* _What is expected_
Reproduce the listing word for word, leaving every picture behind.
(Data)
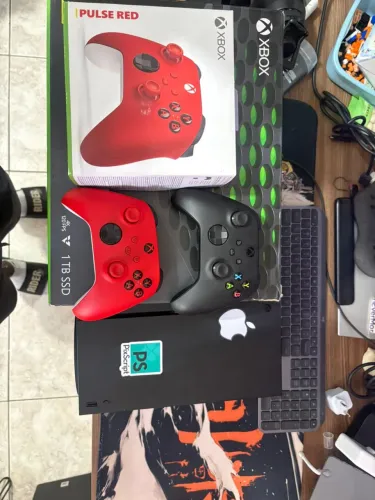 Xbox series x - 2 controles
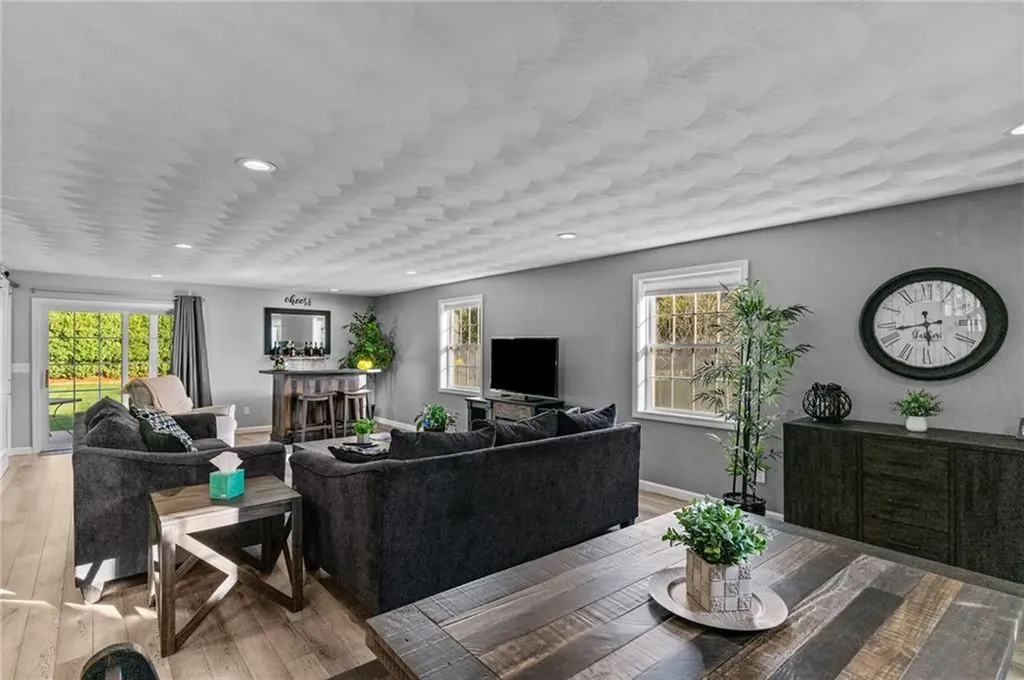 39 Curran Road Cumberland RI 02864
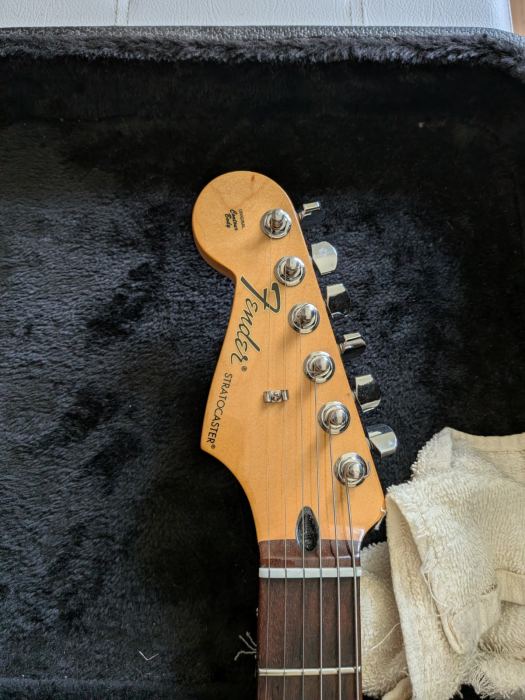 2013 Fender Stratocaster Standard (LEFT HANDED) w/ case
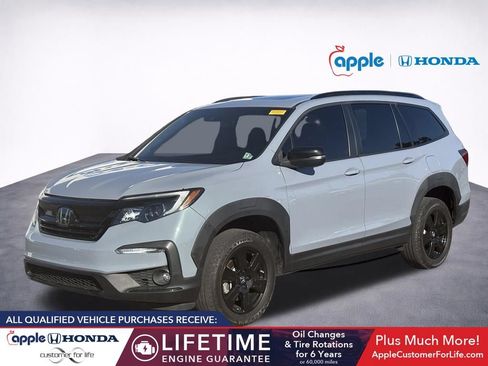 Used 2022 Honda Pilot TrailSport image 3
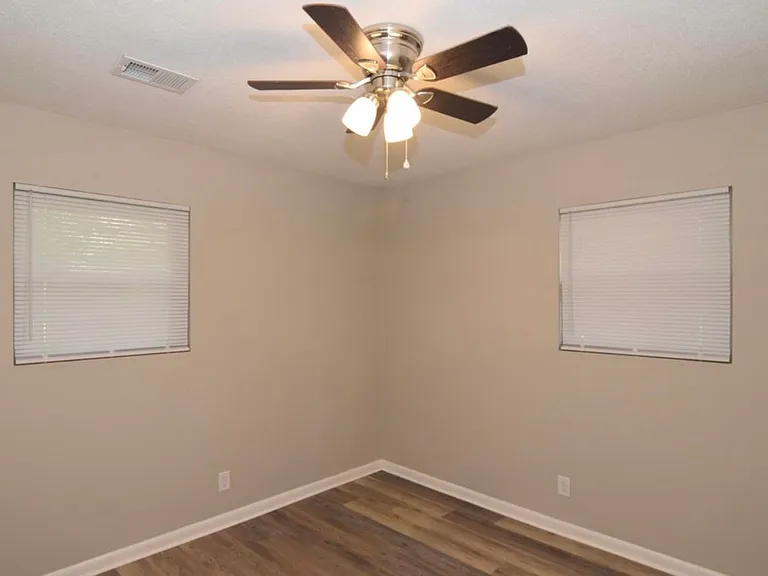 1921 Dianne Dr — Photo 6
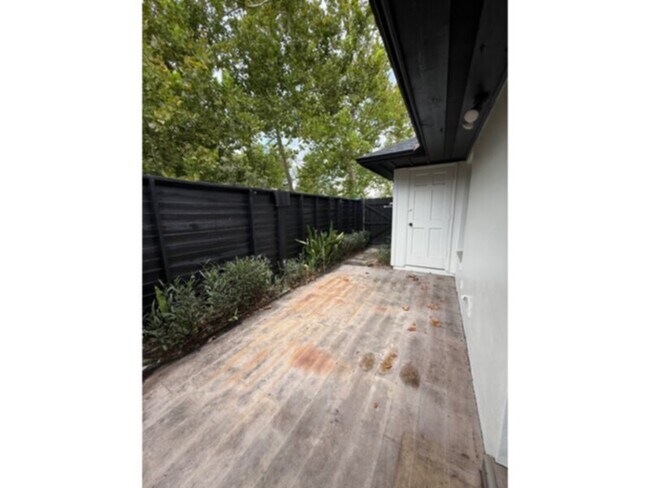 Foto del edificio - 2 Bedroom in Quiet Setting w/ Lawn Care &a...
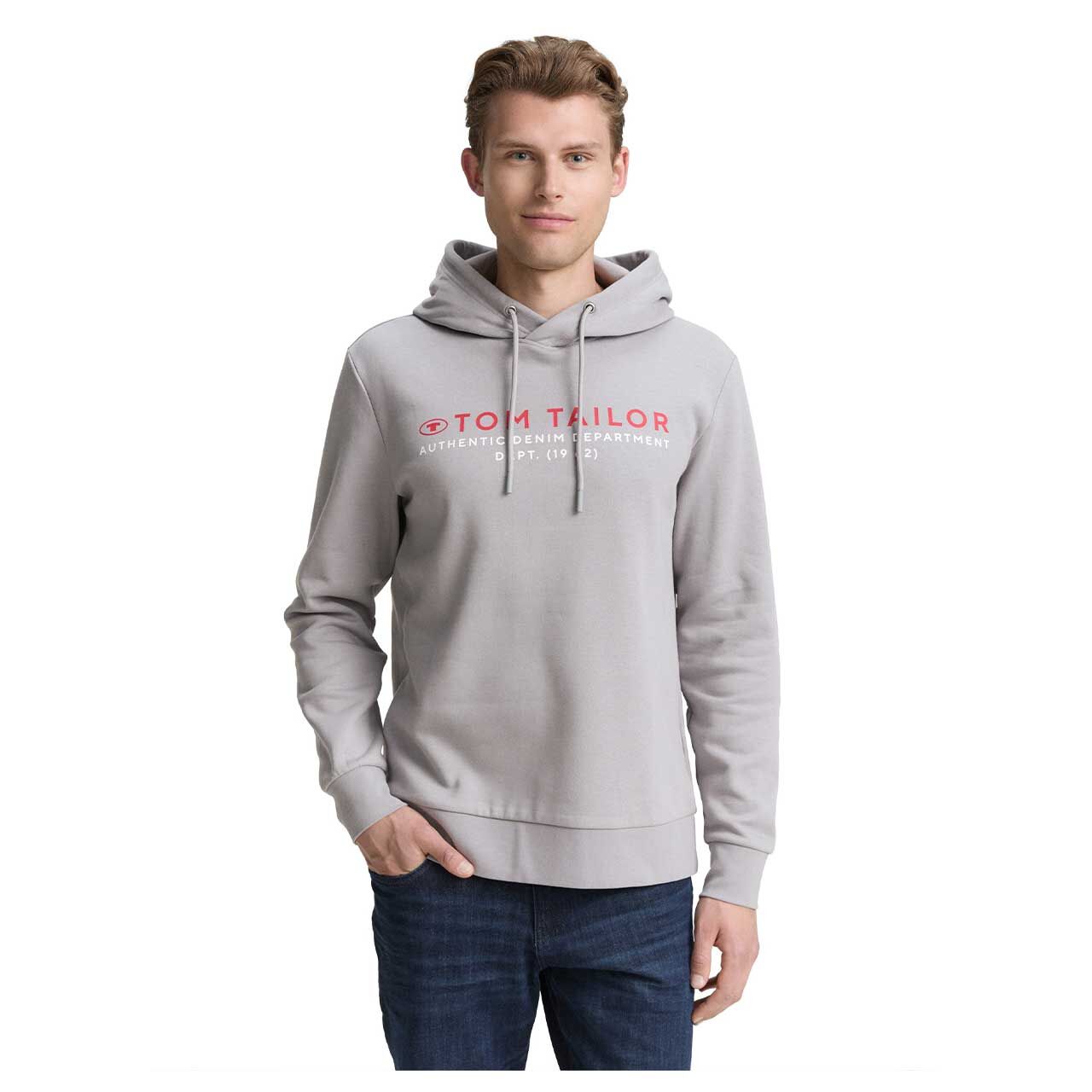 Herren Hoodie Sweatshirt von Tom Tailor in Hellgrau mit Print, Vorderansicht am Model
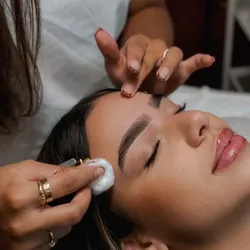 Diseño & laminado de cejas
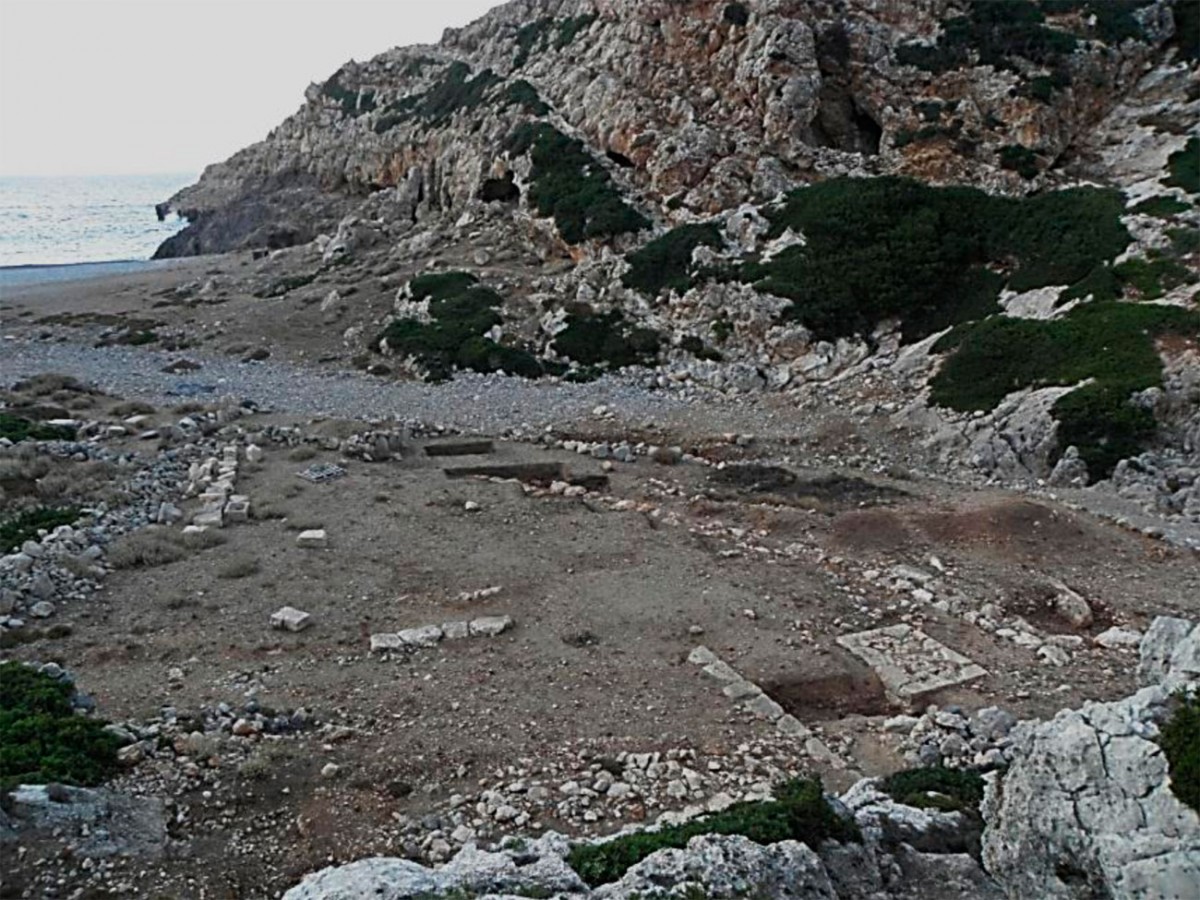 Fig. 4. View of Xeropotamos bay with the sanctuary dedicated to Apollo and Artemis.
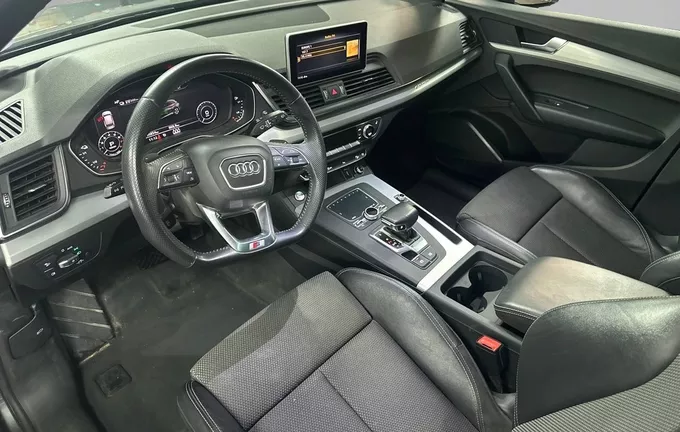 AUDI Q5 55 TFSI e 367 S tronic 7 Quattro S line photo 11 2127282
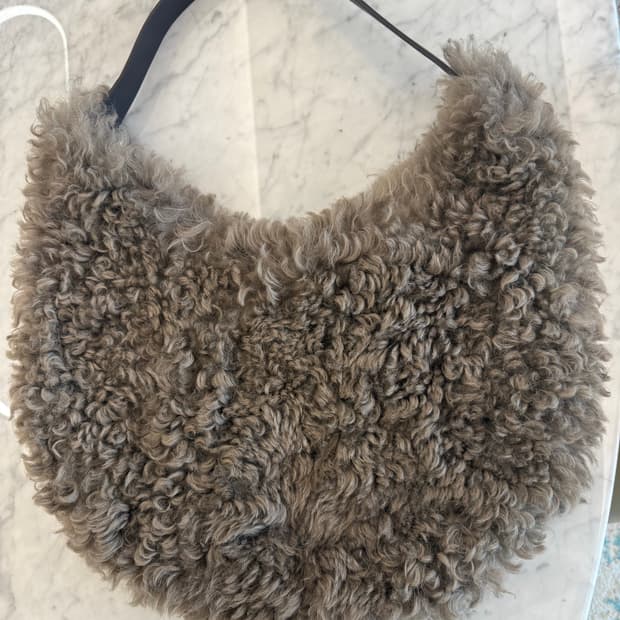 리얼램버 숄더백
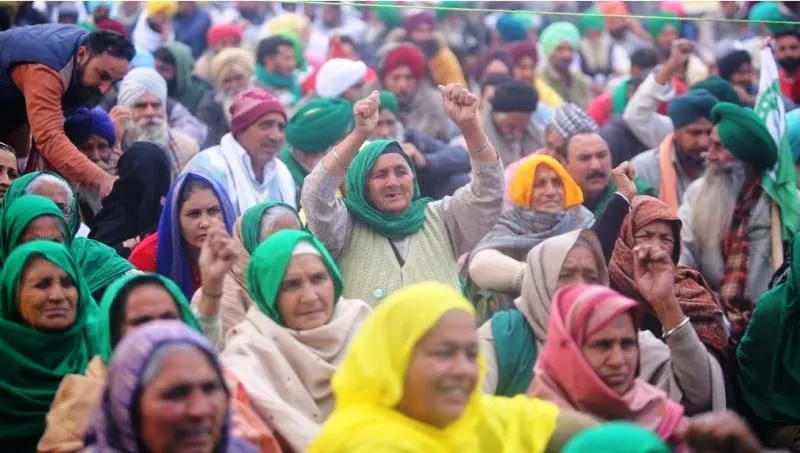 किसान आंदोलन की कमान आज महिलाओं के हाथ, तोमर बोले- मददगार साबित होंगे कृषि कानून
(End Data)
* _Exercise solution_
 Xbox series x - 2 controles
 39 Curran Road Cumberland RI 02864
 2013 Fender Stratocaster Standard (LEFT HANDED) w/ case
 Used 2022 Honda Pilot TrailSport image 3
 1921 Dianne Dr — Photo 6
 Foto del edificio - 2 Bedroom in Quiet Setting w/ Lawn Care &a...
 Herren Hoodie Sweatshirt von Tom Tailor in Hellgrau mit Print, Vorderansicht am Model
 Diseño & laminado de cejas
 Fig. 4. View of Xeropotamos bay with the sanctuary dedicated to Apollo and Artemis.
 AUDI Q5 55 TFSI e 367 S tronic 7 Quattro S line photo 11 2127282
 리얼램버 숄더백
 किसान आंदोलन की कमान आज महिलाओं के हाथ, तोमर बोले- मददगार साबित होंगे कृषि कानून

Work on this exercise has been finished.